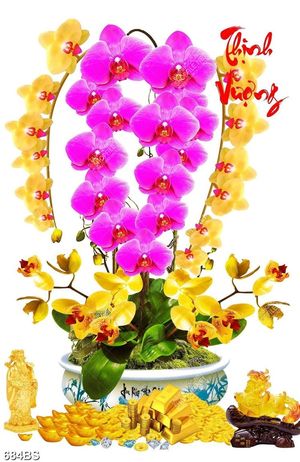 Tranh chậu bonsai nghệ thuật hoa phong lan tím khoe sắc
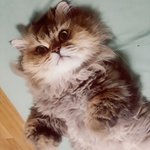 [고양이] <b>페르시안</b> 친칠라 뚠뚜니 너굴이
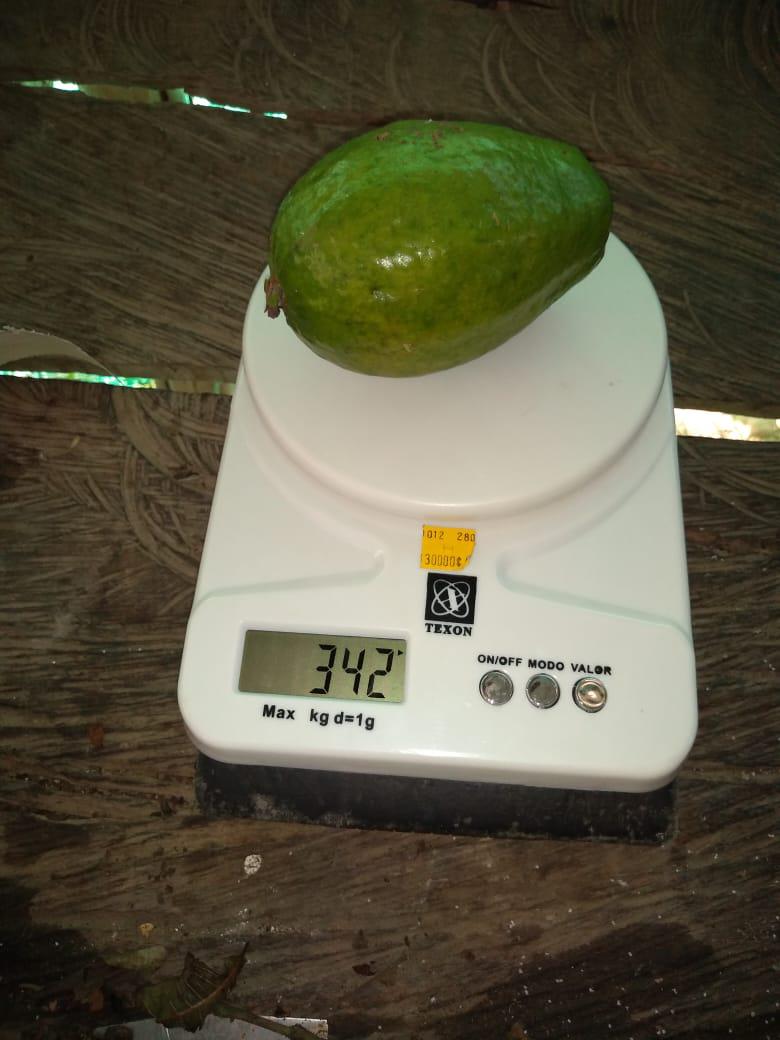 Guayaba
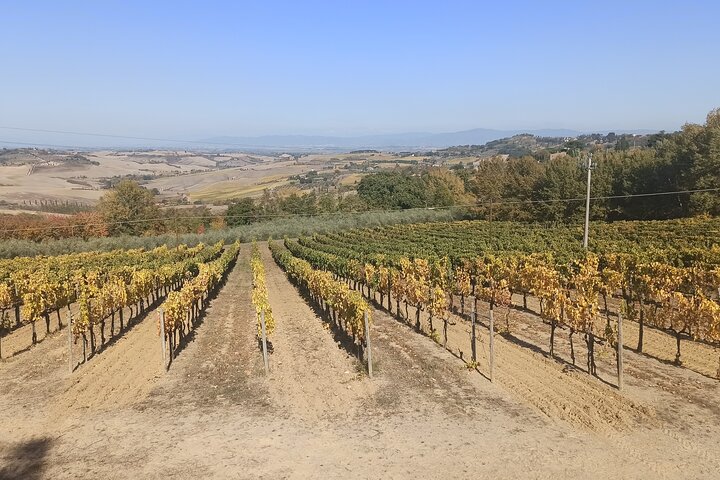 Tour privato del vino in Toscana con visita a Montepulciano, Pienza e Montalcino, foto 40 | wizardtrip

• **Exercise instructions**
Your task is to reproduce exactly the lines from the one with "[고양이] <b>페르시안</b> 친칠라 뚠뚜니 너굴이" to the end of the material, both included, with the pictures left out.

• **Output for this exercise**
 [고양이] <b>페르시안</b> 친칠라 뚠뚜니 너굴이
 Guayaba
 Tour privato del vino in Toscana con visita a Montepulciano, Pienza e Montalcino, foto 40 | wizardtrip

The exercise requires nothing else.